III

In the middle of the night Christian left his couch, slipped into a silk dressing gown and entered Crammon’s room. He lit a candle, sat down by the side of Crammon’s bed, and shook his sleeping friend by the shoulder. Crammon battled with sleep itself, and Christian turned his head away in order not to see the struggling, primitive face.

At last, after much grunting and groaning, Crammon opened his eyes. “What do you want?” he asked angrily. “Are you practising to play a ghost?”

“I would like to ask you something, Bernard,” Christian said.

This enraged Crammon all the more. “It is crazy to rob a man of his well-deserved rest. Are you moonstruck, or have you a bellyache? Ask what you want to ask, but hurry!”

“Do you believe I do right to live as I do?” asked Christian. “Be quite honest for once, and answer me.”

“There is no doubt that he’s moonstruck!” Crammon was truly horrified. “His mind is wandering. We must summon a physician.” He half-rose, and fumbled for the electric button.

“Don’t do that!” Christian restrained him mildly, and smiled a vexed smile. “Try to consider what I’ve said. Rub your eyes if you aren’t quite awake yet. There’s time enough for sleep. But I am asking you, Bernard, for your quite sincere opinion: Do you think I am right in living as I do?”

“My dear Christian Wahnschaffe, if you can tell me by what process this craze has——”

“Don’t jest, Bernard,” Christian interrupted him, frowning. “This is no time for a jest. Do you think that I should have remained with Eva?”

“Nonsense,” said Crammon. “She would have betrayed you; she would have betrayed me. She would betray the emperor, and yet stand guiltless in the sight of God. You can’t reckon with her, you can’t really be yourself with her. She was fashioned for the eye alone. Even that little story of the muleteer of Cordova was a trick. Be content, and let me sleep.”

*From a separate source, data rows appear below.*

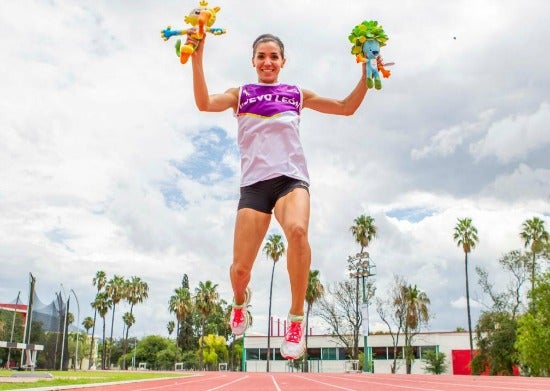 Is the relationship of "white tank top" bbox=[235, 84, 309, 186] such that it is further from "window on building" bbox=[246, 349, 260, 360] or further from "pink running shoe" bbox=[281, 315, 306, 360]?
"window on building" bbox=[246, 349, 260, 360]

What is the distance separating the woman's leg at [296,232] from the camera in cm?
405

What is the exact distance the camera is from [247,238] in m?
4.40

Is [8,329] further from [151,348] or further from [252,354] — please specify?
[151,348]

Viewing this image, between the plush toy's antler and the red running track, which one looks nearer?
the plush toy's antler

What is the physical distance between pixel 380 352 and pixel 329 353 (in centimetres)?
671

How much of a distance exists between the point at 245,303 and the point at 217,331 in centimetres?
9569

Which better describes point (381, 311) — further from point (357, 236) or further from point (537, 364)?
point (537, 364)

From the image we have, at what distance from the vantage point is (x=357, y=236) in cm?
5709

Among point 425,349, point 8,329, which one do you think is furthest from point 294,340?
point 425,349

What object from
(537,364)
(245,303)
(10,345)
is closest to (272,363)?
(537,364)

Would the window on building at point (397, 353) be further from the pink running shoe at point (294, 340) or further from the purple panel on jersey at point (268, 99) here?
the purple panel on jersey at point (268, 99)

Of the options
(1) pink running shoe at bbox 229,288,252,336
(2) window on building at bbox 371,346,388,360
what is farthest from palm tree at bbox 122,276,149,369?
(1) pink running shoe at bbox 229,288,252,336

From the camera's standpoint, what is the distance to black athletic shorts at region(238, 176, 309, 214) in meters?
4.35

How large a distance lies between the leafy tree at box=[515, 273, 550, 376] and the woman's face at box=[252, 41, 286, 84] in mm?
39266
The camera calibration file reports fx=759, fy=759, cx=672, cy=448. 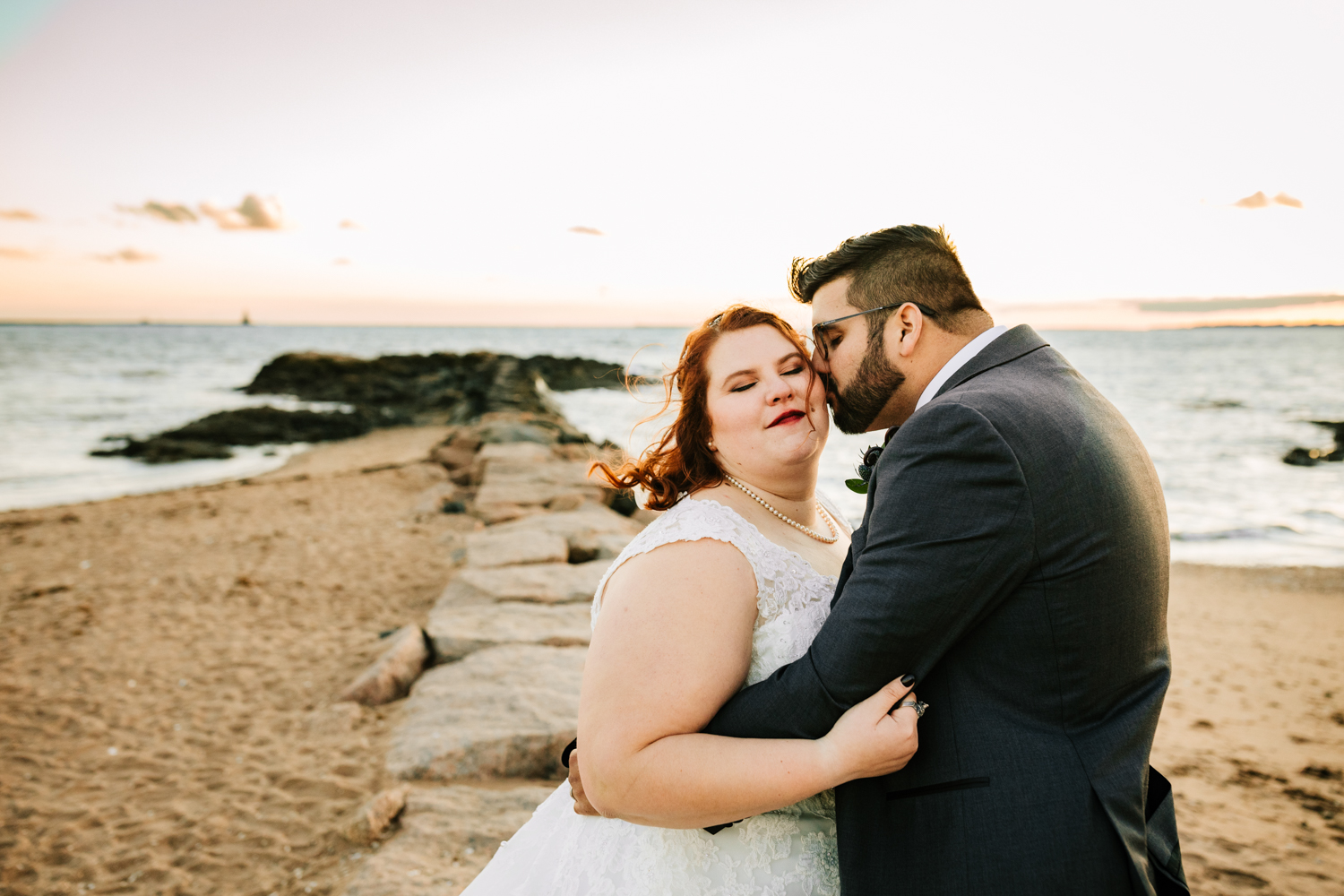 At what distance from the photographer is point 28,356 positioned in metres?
48.8

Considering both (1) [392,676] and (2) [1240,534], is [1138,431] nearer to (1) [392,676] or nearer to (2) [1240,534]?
(2) [1240,534]

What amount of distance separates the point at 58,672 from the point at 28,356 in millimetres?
57476

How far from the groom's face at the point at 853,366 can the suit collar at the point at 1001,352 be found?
1.00 feet

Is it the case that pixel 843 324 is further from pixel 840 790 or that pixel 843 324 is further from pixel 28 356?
pixel 28 356

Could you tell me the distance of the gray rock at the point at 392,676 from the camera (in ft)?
15.1

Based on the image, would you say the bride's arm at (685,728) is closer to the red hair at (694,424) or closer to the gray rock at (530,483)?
the red hair at (694,424)

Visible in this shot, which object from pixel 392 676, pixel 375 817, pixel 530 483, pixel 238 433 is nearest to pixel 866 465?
pixel 375 817

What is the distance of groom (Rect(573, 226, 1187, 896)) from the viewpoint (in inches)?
55.1

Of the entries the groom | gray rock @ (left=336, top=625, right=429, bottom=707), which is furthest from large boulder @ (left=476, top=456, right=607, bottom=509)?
the groom

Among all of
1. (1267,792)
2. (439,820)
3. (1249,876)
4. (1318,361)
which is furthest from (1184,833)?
(1318,361)

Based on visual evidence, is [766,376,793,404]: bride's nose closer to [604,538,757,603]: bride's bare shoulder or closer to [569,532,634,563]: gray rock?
[604,538,757,603]: bride's bare shoulder

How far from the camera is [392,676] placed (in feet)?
15.2

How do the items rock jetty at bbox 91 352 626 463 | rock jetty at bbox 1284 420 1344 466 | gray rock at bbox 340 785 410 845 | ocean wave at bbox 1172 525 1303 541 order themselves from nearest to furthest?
gray rock at bbox 340 785 410 845 < ocean wave at bbox 1172 525 1303 541 < rock jetty at bbox 1284 420 1344 466 < rock jetty at bbox 91 352 626 463

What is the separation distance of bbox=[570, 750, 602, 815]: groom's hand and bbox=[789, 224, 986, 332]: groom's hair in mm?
1446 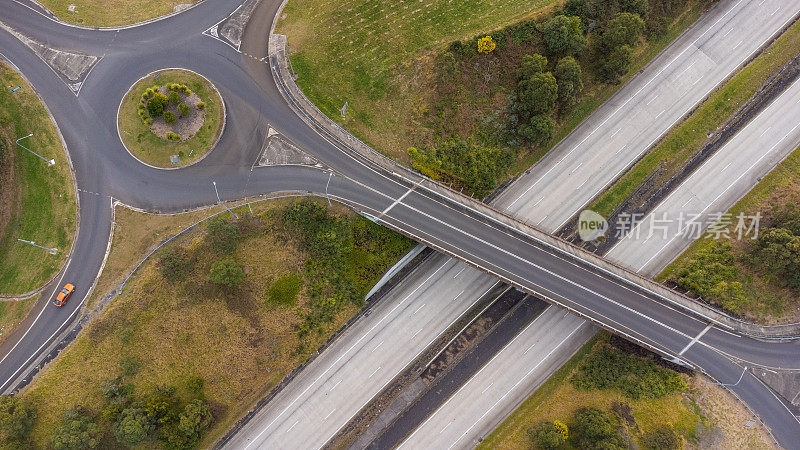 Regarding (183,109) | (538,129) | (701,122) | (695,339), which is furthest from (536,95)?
(183,109)

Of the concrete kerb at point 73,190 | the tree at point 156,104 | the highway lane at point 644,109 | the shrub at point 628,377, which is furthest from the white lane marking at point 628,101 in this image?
the concrete kerb at point 73,190

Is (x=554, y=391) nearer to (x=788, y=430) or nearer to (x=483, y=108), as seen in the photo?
(x=788, y=430)

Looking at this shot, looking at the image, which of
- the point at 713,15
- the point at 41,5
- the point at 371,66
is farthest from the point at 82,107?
the point at 713,15

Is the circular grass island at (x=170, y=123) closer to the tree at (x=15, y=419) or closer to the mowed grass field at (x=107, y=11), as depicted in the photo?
the mowed grass field at (x=107, y=11)

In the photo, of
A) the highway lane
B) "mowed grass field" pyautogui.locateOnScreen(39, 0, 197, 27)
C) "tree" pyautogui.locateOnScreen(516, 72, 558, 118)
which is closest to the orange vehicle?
"mowed grass field" pyautogui.locateOnScreen(39, 0, 197, 27)

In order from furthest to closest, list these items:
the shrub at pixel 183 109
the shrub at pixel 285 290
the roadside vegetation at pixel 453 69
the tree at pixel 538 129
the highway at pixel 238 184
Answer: the roadside vegetation at pixel 453 69, the tree at pixel 538 129, the shrub at pixel 183 109, the shrub at pixel 285 290, the highway at pixel 238 184
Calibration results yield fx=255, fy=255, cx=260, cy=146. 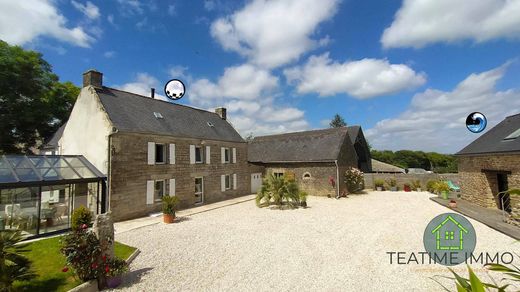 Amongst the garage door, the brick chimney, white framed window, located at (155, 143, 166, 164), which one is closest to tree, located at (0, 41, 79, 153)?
the brick chimney

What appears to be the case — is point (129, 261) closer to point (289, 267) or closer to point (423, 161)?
point (289, 267)

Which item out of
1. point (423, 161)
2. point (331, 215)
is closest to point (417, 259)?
point (331, 215)

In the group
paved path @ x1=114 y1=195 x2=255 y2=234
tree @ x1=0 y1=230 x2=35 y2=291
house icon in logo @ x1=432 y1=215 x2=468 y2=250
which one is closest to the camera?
tree @ x1=0 y1=230 x2=35 y2=291

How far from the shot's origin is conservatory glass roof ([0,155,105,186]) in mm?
9562

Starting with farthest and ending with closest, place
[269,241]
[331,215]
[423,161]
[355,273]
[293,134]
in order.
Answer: [423,161] → [293,134] → [331,215] → [269,241] → [355,273]

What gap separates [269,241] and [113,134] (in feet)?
28.5

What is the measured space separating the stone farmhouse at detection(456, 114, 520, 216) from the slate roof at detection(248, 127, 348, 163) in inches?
310

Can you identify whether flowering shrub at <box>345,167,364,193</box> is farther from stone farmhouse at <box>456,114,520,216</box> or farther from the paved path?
the paved path

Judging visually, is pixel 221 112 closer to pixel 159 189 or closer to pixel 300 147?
pixel 300 147

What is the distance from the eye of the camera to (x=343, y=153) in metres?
20.9

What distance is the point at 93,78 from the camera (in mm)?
13672

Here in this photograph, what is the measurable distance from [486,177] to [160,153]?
689 inches

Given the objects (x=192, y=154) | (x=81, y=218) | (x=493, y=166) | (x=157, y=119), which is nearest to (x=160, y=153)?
(x=192, y=154)

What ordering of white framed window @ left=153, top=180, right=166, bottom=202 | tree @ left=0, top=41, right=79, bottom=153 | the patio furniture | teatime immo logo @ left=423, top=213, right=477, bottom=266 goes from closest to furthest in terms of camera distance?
teatime immo logo @ left=423, top=213, right=477, bottom=266
white framed window @ left=153, top=180, right=166, bottom=202
tree @ left=0, top=41, right=79, bottom=153
the patio furniture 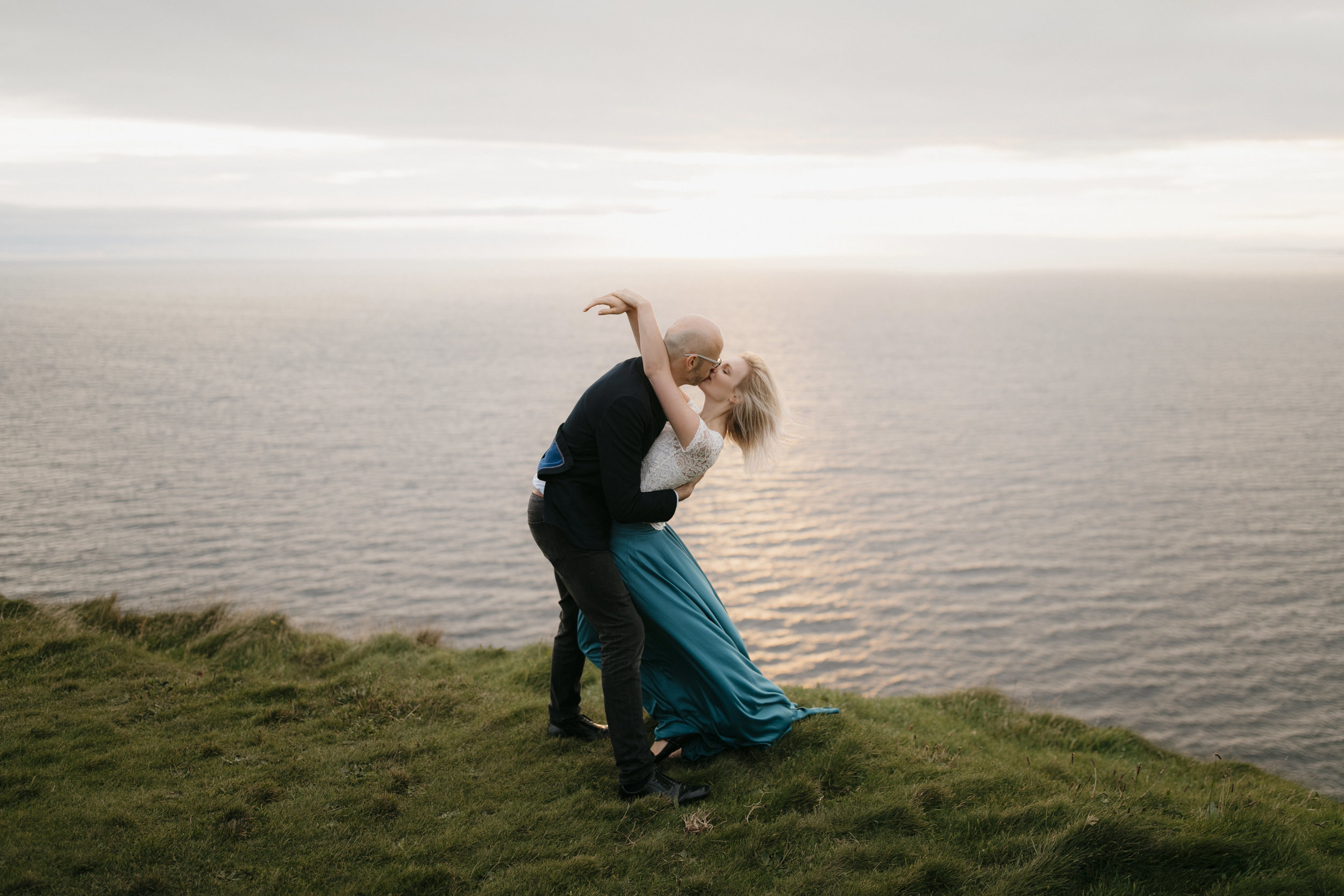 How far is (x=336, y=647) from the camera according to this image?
374 inches

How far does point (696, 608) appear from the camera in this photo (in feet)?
19.0

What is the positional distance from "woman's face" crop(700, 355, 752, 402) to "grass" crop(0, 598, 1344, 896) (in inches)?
94.5

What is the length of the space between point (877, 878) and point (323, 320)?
109 meters

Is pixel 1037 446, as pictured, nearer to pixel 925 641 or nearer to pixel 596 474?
pixel 925 641

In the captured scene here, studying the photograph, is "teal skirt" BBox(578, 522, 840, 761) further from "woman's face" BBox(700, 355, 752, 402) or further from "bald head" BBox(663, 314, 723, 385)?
"bald head" BBox(663, 314, 723, 385)

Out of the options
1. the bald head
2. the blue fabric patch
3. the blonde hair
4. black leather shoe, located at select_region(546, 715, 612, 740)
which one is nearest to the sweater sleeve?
the blue fabric patch

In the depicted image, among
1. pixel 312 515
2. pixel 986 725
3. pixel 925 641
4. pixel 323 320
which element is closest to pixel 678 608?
pixel 986 725

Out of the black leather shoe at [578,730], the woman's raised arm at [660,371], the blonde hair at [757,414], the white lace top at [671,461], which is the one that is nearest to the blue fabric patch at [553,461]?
the white lace top at [671,461]

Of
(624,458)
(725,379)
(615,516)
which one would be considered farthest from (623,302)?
(615,516)

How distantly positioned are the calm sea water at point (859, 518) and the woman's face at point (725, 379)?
37.7ft

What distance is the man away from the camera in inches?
200

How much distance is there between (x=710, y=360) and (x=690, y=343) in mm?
180

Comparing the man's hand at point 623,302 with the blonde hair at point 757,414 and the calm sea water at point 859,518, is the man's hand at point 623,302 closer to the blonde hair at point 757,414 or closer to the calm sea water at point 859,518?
the blonde hair at point 757,414

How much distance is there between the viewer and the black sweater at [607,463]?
5.00 m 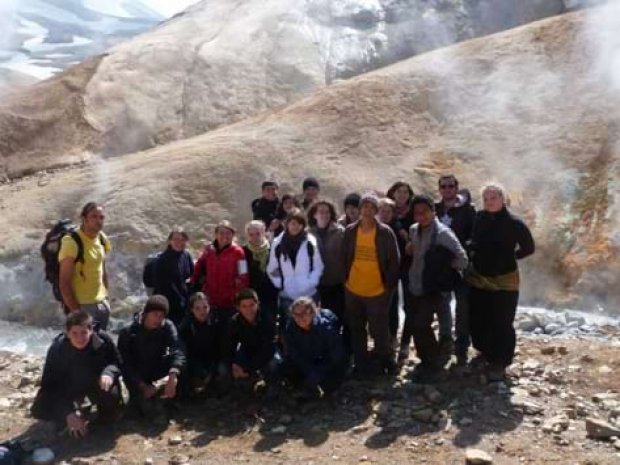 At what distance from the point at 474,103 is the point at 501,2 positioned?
14.0 metres

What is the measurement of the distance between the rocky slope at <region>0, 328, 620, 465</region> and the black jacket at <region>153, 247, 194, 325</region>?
1.10 meters

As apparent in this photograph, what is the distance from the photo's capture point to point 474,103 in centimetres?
1695

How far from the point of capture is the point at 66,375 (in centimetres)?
735

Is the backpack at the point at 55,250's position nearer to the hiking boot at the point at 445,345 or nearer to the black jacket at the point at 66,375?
the black jacket at the point at 66,375

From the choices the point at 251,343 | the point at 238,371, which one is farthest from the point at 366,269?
the point at 238,371

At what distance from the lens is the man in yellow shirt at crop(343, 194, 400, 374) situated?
25.5 ft

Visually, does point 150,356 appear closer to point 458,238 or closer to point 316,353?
point 316,353

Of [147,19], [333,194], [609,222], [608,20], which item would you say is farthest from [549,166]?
[147,19]

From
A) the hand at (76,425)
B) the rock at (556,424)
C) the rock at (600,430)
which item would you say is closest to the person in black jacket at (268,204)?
the hand at (76,425)

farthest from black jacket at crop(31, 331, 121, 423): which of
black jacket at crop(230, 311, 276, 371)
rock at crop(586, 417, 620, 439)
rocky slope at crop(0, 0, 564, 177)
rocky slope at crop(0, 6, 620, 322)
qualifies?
rocky slope at crop(0, 0, 564, 177)

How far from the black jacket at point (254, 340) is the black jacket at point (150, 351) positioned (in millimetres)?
565

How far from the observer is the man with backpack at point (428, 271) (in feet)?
25.1

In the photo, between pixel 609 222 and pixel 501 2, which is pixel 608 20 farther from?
pixel 501 2

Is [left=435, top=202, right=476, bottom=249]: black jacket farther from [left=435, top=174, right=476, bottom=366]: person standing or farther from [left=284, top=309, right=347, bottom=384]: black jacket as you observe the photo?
[left=284, top=309, right=347, bottom=384]: black jacket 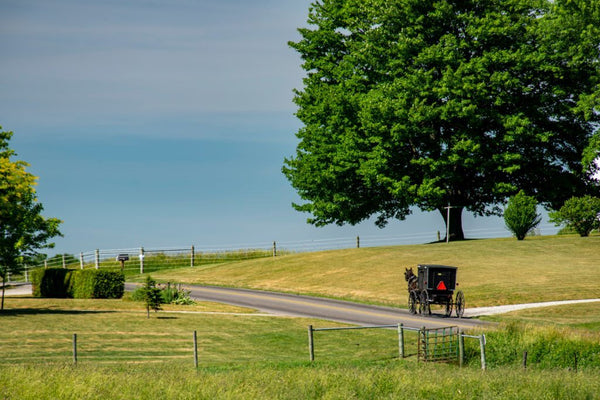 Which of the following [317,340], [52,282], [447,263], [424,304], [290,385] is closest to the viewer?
[290,385]

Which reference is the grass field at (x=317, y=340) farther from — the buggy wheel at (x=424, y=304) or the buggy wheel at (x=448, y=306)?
the buggy wheel at (x=424, y=304)

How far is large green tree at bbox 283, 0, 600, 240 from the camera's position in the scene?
52781 millimetres

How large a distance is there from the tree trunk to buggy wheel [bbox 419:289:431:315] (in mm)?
21915

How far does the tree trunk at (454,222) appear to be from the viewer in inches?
2245

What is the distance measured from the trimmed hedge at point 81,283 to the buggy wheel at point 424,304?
727 inches

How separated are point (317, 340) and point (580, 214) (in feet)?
101

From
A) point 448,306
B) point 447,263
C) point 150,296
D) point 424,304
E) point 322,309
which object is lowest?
point 322,309

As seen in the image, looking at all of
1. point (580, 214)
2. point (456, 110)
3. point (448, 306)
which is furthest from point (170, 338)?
point (580, 214)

Christian replied thoughtfully. “I don’t understand what you say, and you don’t understand what I mean. Since I left her I feel sometimes as though I had grown hunchbacked. Jesting aside, Bernard, I get up sometimes and a terror comes over me. I stretch myself out. I know that I’m straight, and yet I feel as though I were hunchbacked.”

“Completely out of his head,” Crammon murmured.

“And now tell me another thing, Bernard,” Christian continued, undeflected by his friend, and his clear, open face assumed an icy expression. “Should we not have helped the boatman’s daughter, you and I? Or should I not have done so, if you did not care to take the trouble? Tell me that!”

“The devil take it! What boatman’s daughter?”

“Are you so forgetful? The girl in the beer-garden. She even gave her name—Katherine Zöllner. Don’t you remember? And how those ruffians treated her?”

“Was I to risk my skin for a boatman’s daughter?” Crammon asked, enraged. “People of that sort may take their pleasures in their own fashion. What is it to you or to me? Did you try to hold back the paws of the wild beasts that tore up Adda Castillo? And that was a good deal worse than being kissed by a hundred greasy snouts. Don’t be an idiot, my dear fellow, and let me sleep!”

“I am curious,” said Christian.

“Curious? What about?”

“I’m going to the house where she lives and see how she is. I want you to go along. Get up.”

Crammon opened his mouth very wide in his astonishment. “Go now?” he stammered, “at night? Are you quite crazy?”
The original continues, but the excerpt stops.